Garantieregeling gemeente Breda onder de loep
De gemeente heeft de publieke taak verantwoordelijkheid te nemen voor
bijvoorbeeld kwetsbare groepen in de samenleving, variërend van
voortijdig schoolverlaters tot sociale minima en hulpbehoevende
ouderen.
Om die publieke taak correct te kunnen uitvoeren, volgt het college
van burgemeester en wethouders een aantal principes. Recent voorbeeld
is de garantiestelling van EUR 5 miljoen voor de nieuwbouw van Zorg-
en Behandelcentrum Elisabeth aan de Leuvenaarstraat. Deze
garantiestelling was voor de gemeenteraad aanleiding het huidige
garantiebeleid uit 1996 nader aan de orde te willen stellen. Daartoe
heeft het college een discussienotitie vastgesteld ter bespreking in
de vergadering van de commissie Bestuur op donderdag 12 maart
aanstaande.
Henk Snier, wethouder van Financiën:"Ik vind het belangrijk dat we
groepen in de samenleving die dat nodig hebben helpen waar we kunnen.
De recente garantiestelling aan Elisabeth is zo'n voorbeeld. Volgens
het huidige garantiebeleid uit 1996 verstrekt een gemeente in principe
geen garantie wanneer een waarborgfonds aanwezig is. De noodzaak van
een snelle doorstart van de nieuwbouw, het belang voor de lokale
economie, de huidige economische situatie en het ontbreken van andere
partijen voor de totale financiering van de nieuwbouw, waren redenen
om op dit punt van het huidige beleid af te wijken en over te gaan tot
garantiestelling."
Huidig beleid en uitgangspunten
Een aanvraag komt in aanmerking voor garantiestelling indien de
investering past binnen het gemeentelijk beleid en wanneer de
investeringslasten passen binnen de exploitatieopzet van de vragende
partij. Wanneer sprake is van een Waarborgfonds verstrekt de gemeente
in principe geen garantie. Uitgangspunt daarbij is dat de gemeente zo
weinig mogelijk garant staat omdat er weinig invloed is op de
bedrijfsvoering van derden. Bovendien moet de `publieke zaak' ermee
gediend zijn. Het huidige stringente beleid heeft de afgelopen jaren
alleen geleid tot een beperkt aantal garantiestellingen op het
beleidsterrein sport. Het afgelopen jaar is geen aanvraag binnen
gekomen.
Vormen van garantiestelling
Bij directe garantieverleningen garandeert de gemeente een lening die
een derde heeft afgesloten voor een investering. Per eind 2008 staat
EUR 14 aan garanties uit; ruim EUR 5 miljoen aan de zorgsector, bijna
EUR 5 miljoen aan het Onderwijs en een aantal kleinere
garantiestellingen aan sportinstellingen. Hierbij is ook sprake voor
een risico voor de gemeente. Het huidige garantiebeleid gaat uit van
directe garantieverlening.
Bij indirecte garantieverlening wordt het risico ondervangen door
waarborgfondsen die op verschillende beleidsterreinen actief zijn.
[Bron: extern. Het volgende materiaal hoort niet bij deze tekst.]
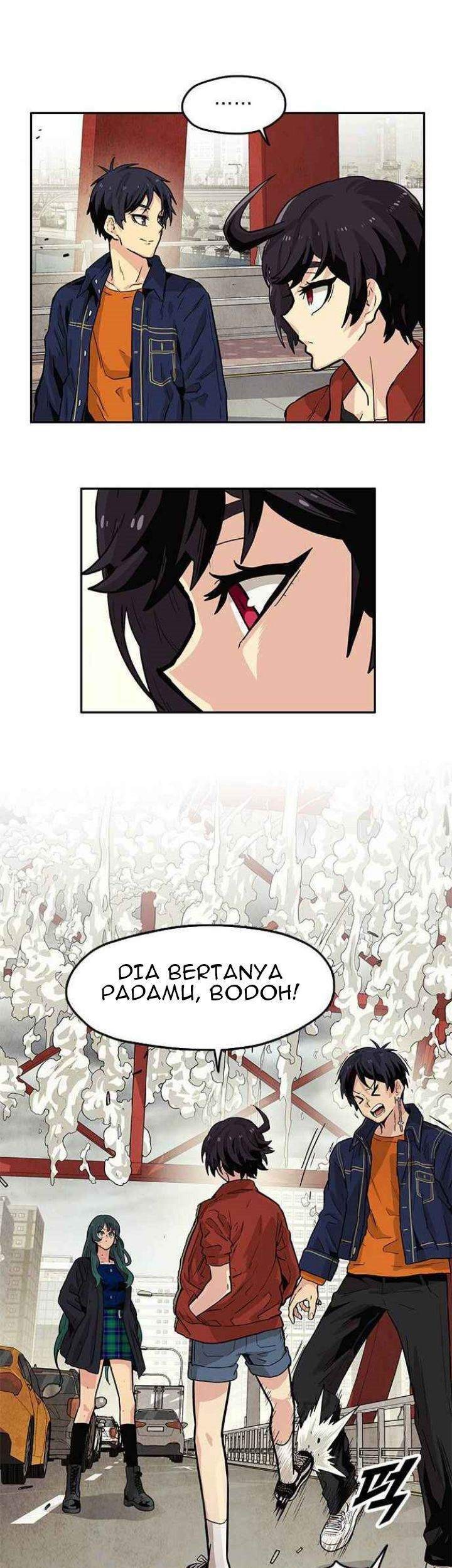 Guilty Axe Chapter 5 - halaman 82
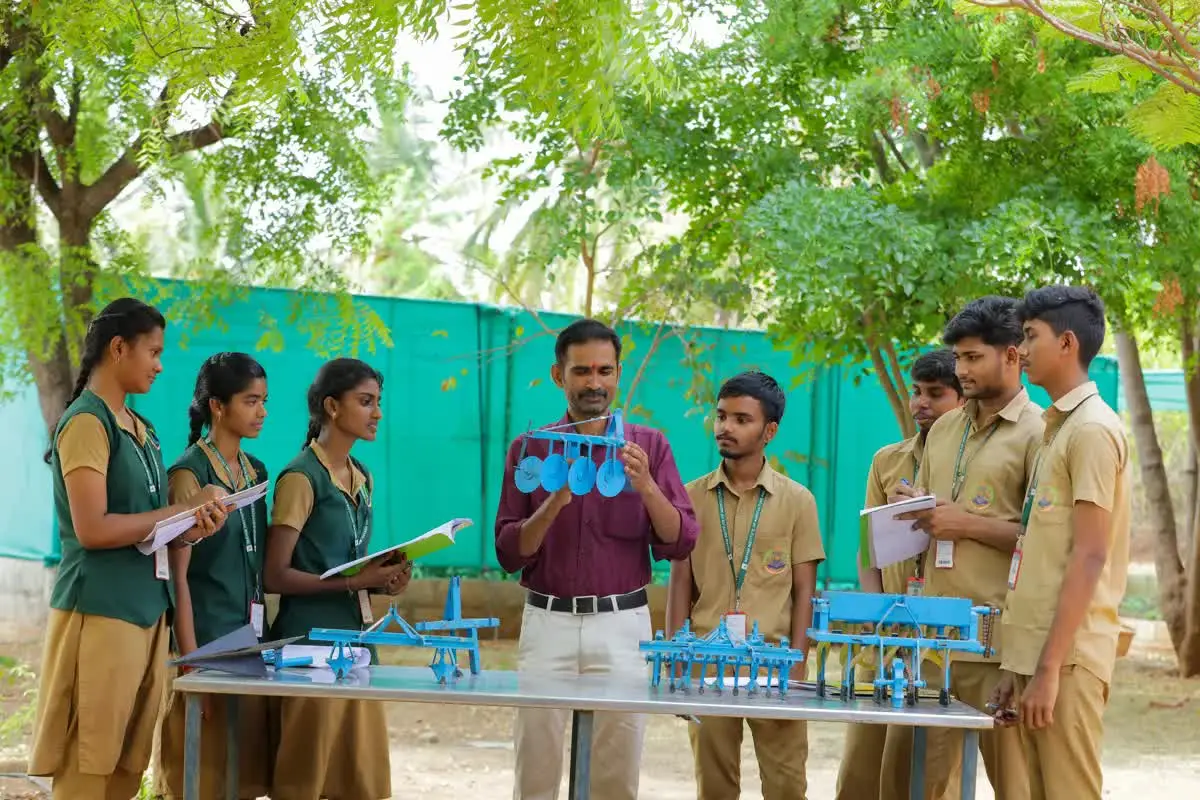 Imayam Institute of Agriculture and Technology: campus photo 4
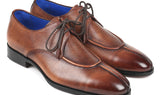 Paul Parkman Men's Split Toe Derby Shoes in Brown
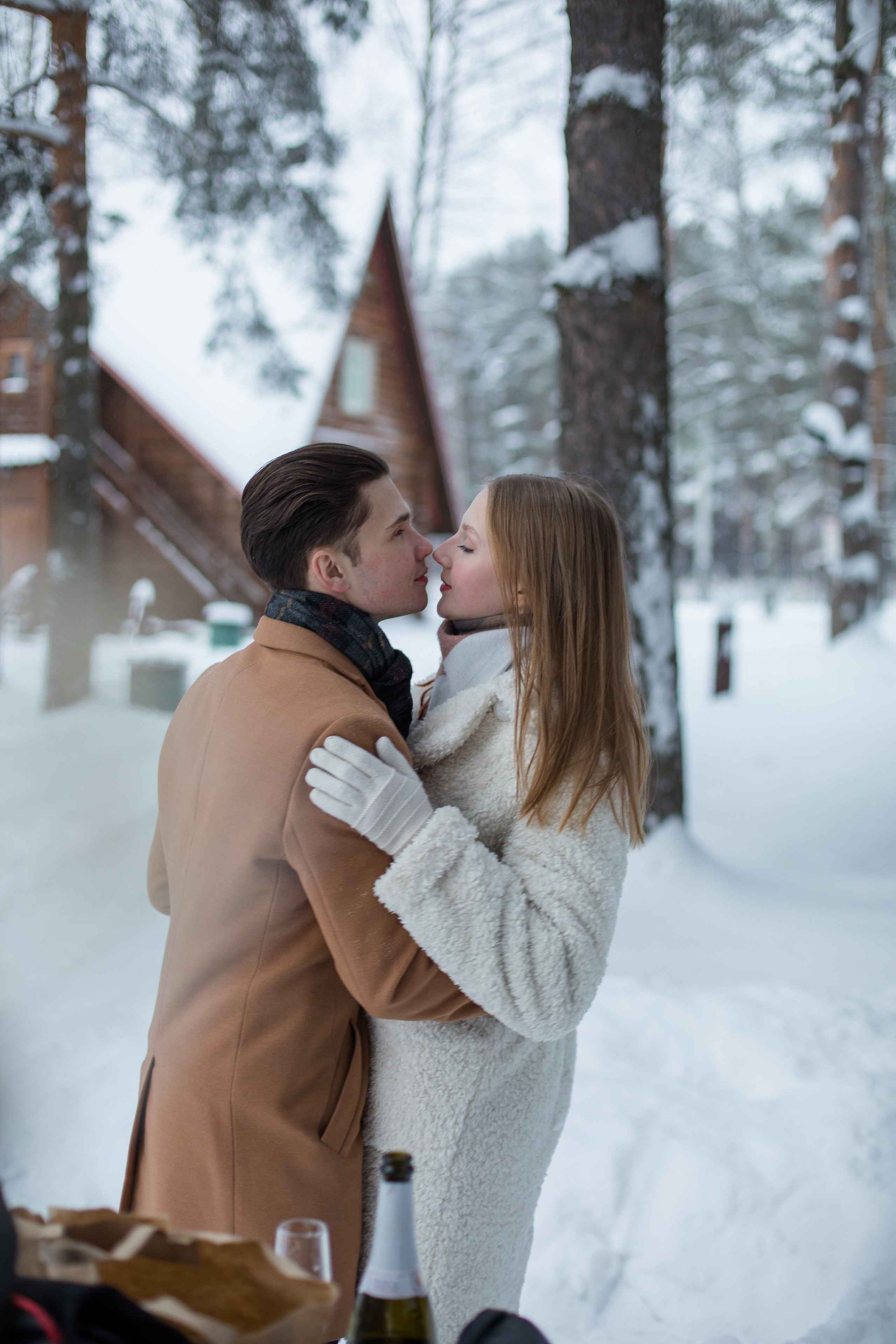 Зимняя прогулка. Фотограф в Костроме, Ярославле, Москве Светлана Заведеева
Waarborgfondsen hebben grote fondsvermogens die ingezet kunnen worden
indien derden hun financiële verplichtingen niet na kunnen komen.
Daarnaast is de meerwaarde van een waarborgfonds ten opzichte van een
garantieverstrekkende gemeente dat professionele expertise aanwezig is
om het solvabiliteitsrisico te beoordelen en de gewaarborgde
instellingen worden jaarlijks herbeoordeeld. In 1998 zijn ook de door
de gemeente verstrekte leningen aan woningcorporaties onder garantie
van het Waarborgfonds Sociale Woningbouw gebracht.
Naast directe en indirecte garantieverlening bestaan hybride vormen.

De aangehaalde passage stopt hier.